World's Most Expensive Restaurant

Sublimotion in Ibiza is the world's most expensive restaurant. It’s just £1,200  per person for dinner at Sublimotion,  but for that you get self-mixing cocktails, vivid 360-degree projections, and a pillow of nitrogenised olive oil. Teresa Machan of the Daily Telegraph recently went for a taster at Ibiza’s luxury eating house, and for those overseas readers that did not catch her commentary on her unbelievable dining experience, here it is…


I'd waited a while to see my name in lights and there it was, emblazoned in neon on a 12-seater dining table. Knowing where to sit would in fact prove to be the only certainty in one of the most bizarre dining experiences I've ever had. Most of the buzz surrounding Sublimotion, the new Ibiza restaurant of Paco Roncero, the double Michelin-starred chef (below), is about the price tag. Ibiza is no stranger to excess and experimentation, but the €1,500 per head cost has really raised eyebrows. When pressed, Roncero wouldn't confirm that his brave exercise in theatrical dining is also the world's most expensive. What he did claim, however, is that Sublimotion is the "cheapest life-changing experience anyone can have."


"You can't put a price on 27 staff serving 12 diners the best ingredients in a spectacular way," he added. Well, yes, you can and have. From an unmarked door on a street next to the new Hard Rock Hotel we were ushered into what resembled a store room and then, following a brief preamble, into a disco lift that rocked to the sound of the Ramones' Hey Ho, Let's Go! The lift decanted us into a high-ceilinged, windowless oblong room - empty but for a single neon-lit communal table.
The table, which serves as a canvas for light installation, has now become the conduit for a galaxy.
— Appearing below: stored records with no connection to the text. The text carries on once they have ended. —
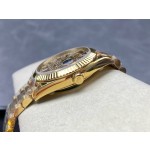 Sunday calendar series men's watch with full diamond dial, gold bezel, 40mm, gold President-style bracelet.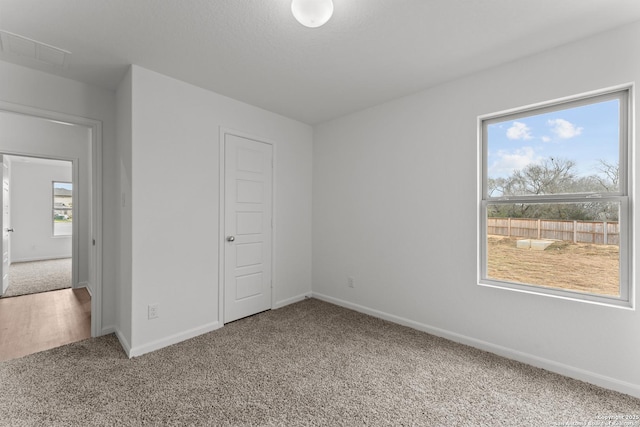 unfurnished bedroom featuring a closet and carpet flooring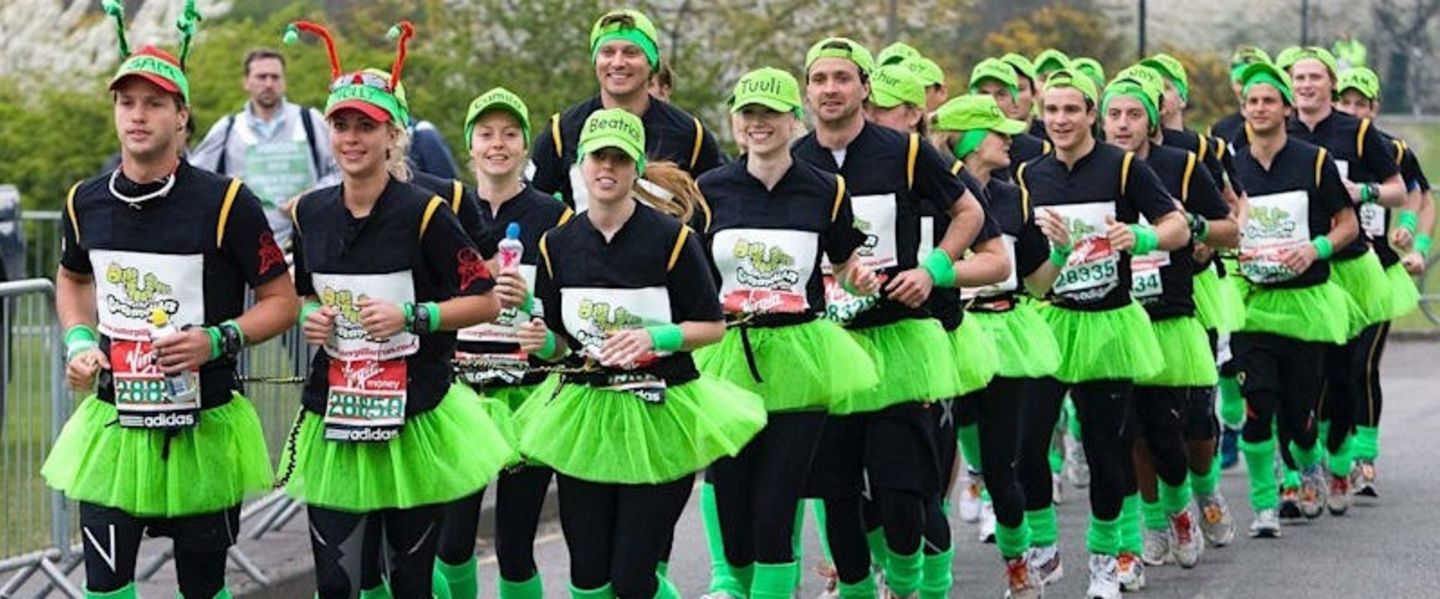 Holly and Sam Branson leading a group of runners all dressed in black with neon green hats, tutus and leg warmers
A woman's dulcet tones told us we were here to celebrate "magical achievement, of a meeting in time and space". "Place your hands on the circles and join in a halo of energy to close the circle," she instructed as a trail of white light darted around the table, coming to a stop at my neighbour’s seat. Cue Miss Dulcet: "What's wrong? Does somebody not believe?"  Either my neighbour James is a non-believer or I have inadvertently broken the magic circle by holding my iPad instead of placing my hands on the halo of energy. No matter. "Come on, concentrate. Very good, there you are. Here your voyage begins."


What followed was pure theatre – an immersive dining experience of spinning "plates" (a CD) that appeared to float in mid air, vivid 360-degree projections, a book that opened to a talking head (Paco, asking us to "relax and let ourselves be carried away") and, a personal favourite, a bloody Mary that mixed itself, poltergeist style. “Shake it with your mind,” instructed a waiter, and the container into which we'd poured three liquids from test tubes began to vibrate. Roncero describes himself as a dreamer; I suspect he has been watching too much Game of Thrones. Our 30-minute taster session was a mere amuse bouche for what will be a two and a half hour gastronomical show that might include balloons filled with chocolate cake (but not really) painting your own dessert, dining in an orchard where everything from the floor to the soil is edible, or a nibble in the North Pole.

If nothing else Sublimotion is a marriage of food and technology - temperature, scents, projections and ultimately, trickery of the mind and palate. Every surface, from the walls to the table, can be projected on to, and waiting staff are technicians, musicians and illusionists.
 

And what about the food?! It is deconstructed within an inch of its life, molecularised, morphed by spherification and - of course - blasted by liquid hydrogen. We taste a pillow of nitrogenised (at -196 degrees C) olive oil, pegged to a miniature washing line and a liquid cheese so rich that, naturally, only a glass of Laurent Perrier can cut through. The white-chocolate foie gras doughnut is surprisngly moreish.

But the highlight for me was the aforementioned bloody Mary we each concocted from three test tubes of liquid. Roncero talks about Spain having the best raw ingredients in the world - the proof for me is in the purest hit of the tomato-infused drink I have ever tasted. Thin and brackish in appearance, the essence of tomato juice explodes in my mouth as if ripened by a thousand Mediterranean suns. As the waitress swooped in to replace it with Champagne I covered it with my hand. An unscripted tweak to the highly choreographed running order, but I intended to savour every sip.


So, is it worth the price? If you have ever enjoyed a simple, rustic yet unforgettable meal anywhere that serves up the freshest, local ingredients with love you'll know the answer. But punters with silly money abound. That night Sublimotion would play host to competitors from the rally of the rich and famous.The entry fee for the event was £40,000 per vehicle. You can bet they weren't fighting over the bill.